I remember my 4th grade teacher reading this book to our class.  We would squirm, giggle, and make faces as she read, very glad that we weren't the one eating the worms. Yet, every day we couldn't wait to hear what silly thing would happen next.  I reread the book this week.  It was every bit as gross -- and engrossing -- as I remembered!

This story has been challenged for "vulgarity and violence".


written by Andrew Clements,
and illustrated by Brian Selznick, 1996
Ten-year-old Nick Allen has a reputation in his school for coming up with clever ways to distract his teachers when they are about to assign homework.  When he tries this in Mrs. Granger's class, however, it backfires -- Nick is given a special assignment to learn about the dictionary and how new words are added.  The information he finds gives him an idea, and he sets out to create a new word: frindle (otherwise known as a pen).  Before long, everyone in class is calling pens frindles, but when Mrs. Granger asks them to stop, they refuse.  Trouble soon ensues.

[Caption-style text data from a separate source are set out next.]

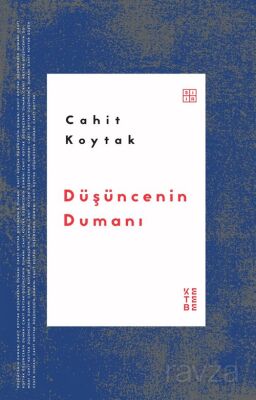 Düşüncenin Dumanı - 1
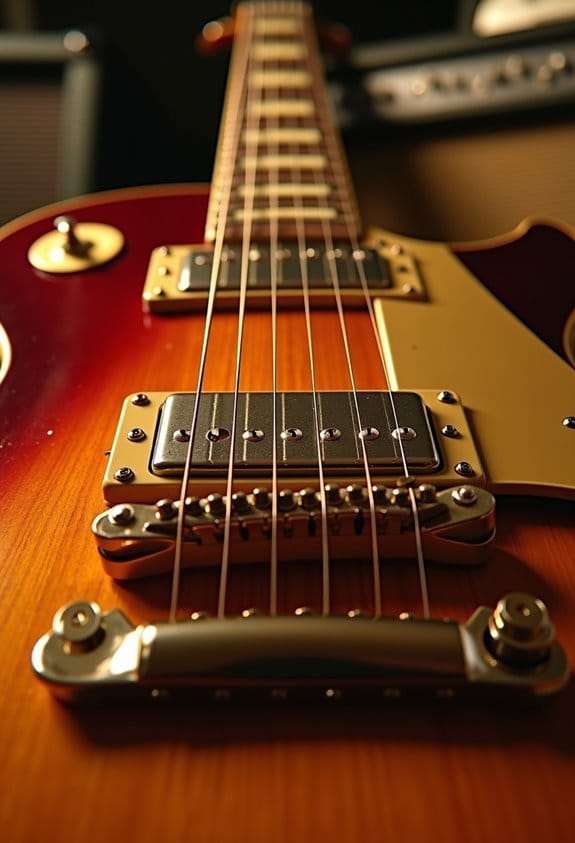 clipping enhances guitar sound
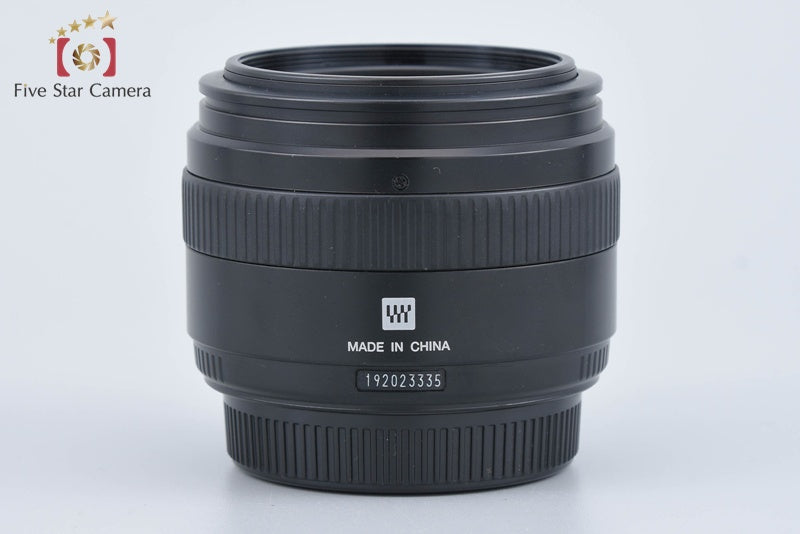 Olympus ZUIKO DIGITAL 35mm f/3.5 MACRO from Japan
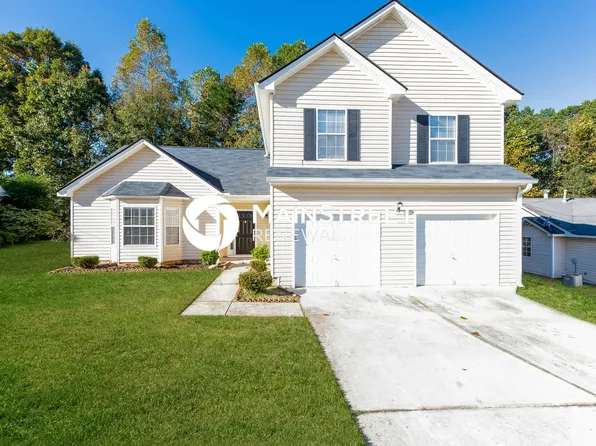 530 Cherry Branch Ln, Fairburn, GA 30213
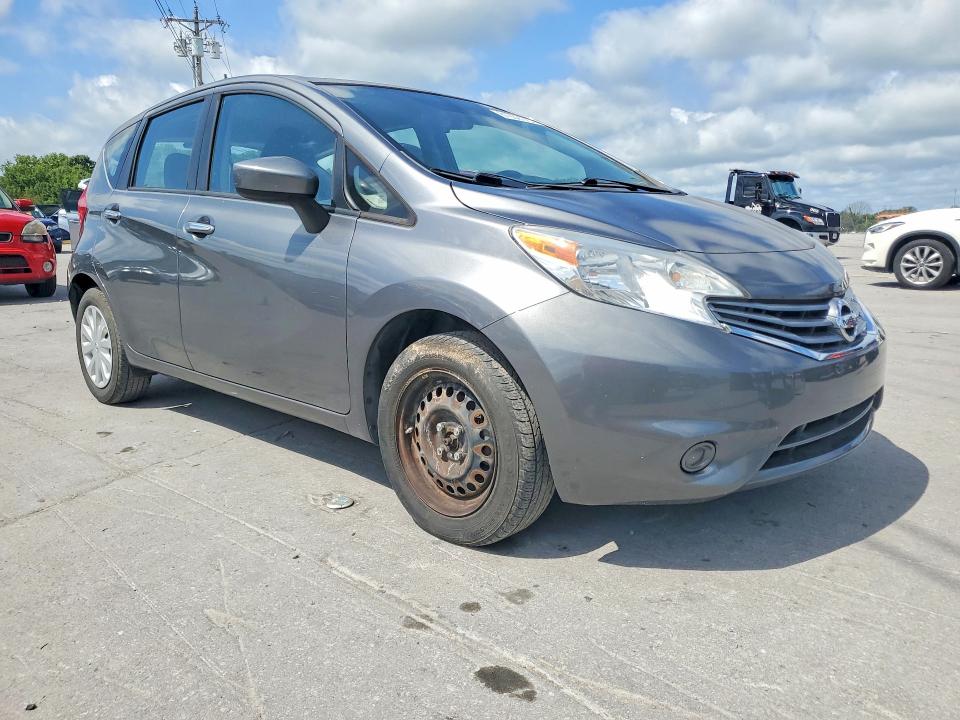 Продажа на аукционе авто 2016 Nissan Versa Note, vin: 3N1CE2CP4GL387185, номер лота: 61932176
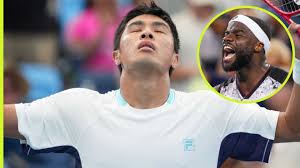 Live ATP Rankings: Cobolli and Nakashimi secure milestones as Fils and Tiafoe also surge in Cincinnati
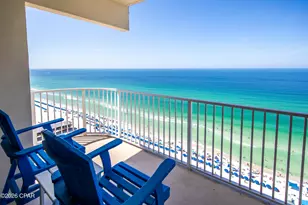 9900 S Thomas Dr, Panama City Beach, FL 32408 - Photo 19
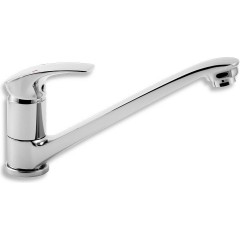 NOVASERVIS - Drezová batéria Metalia 57 chróm 57091,0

I read this book for the first time last month, and absolutely loved it!  Part of the reason I liked it so much probably stems from the fact that it is about words and language, a subject that (surprise, surprise) interests me!  I also found the story funny and fast-paced.  Not only do I recommend it to middle grade readers, it also seems like it would be a great read-aloud book for teachers (and parents)!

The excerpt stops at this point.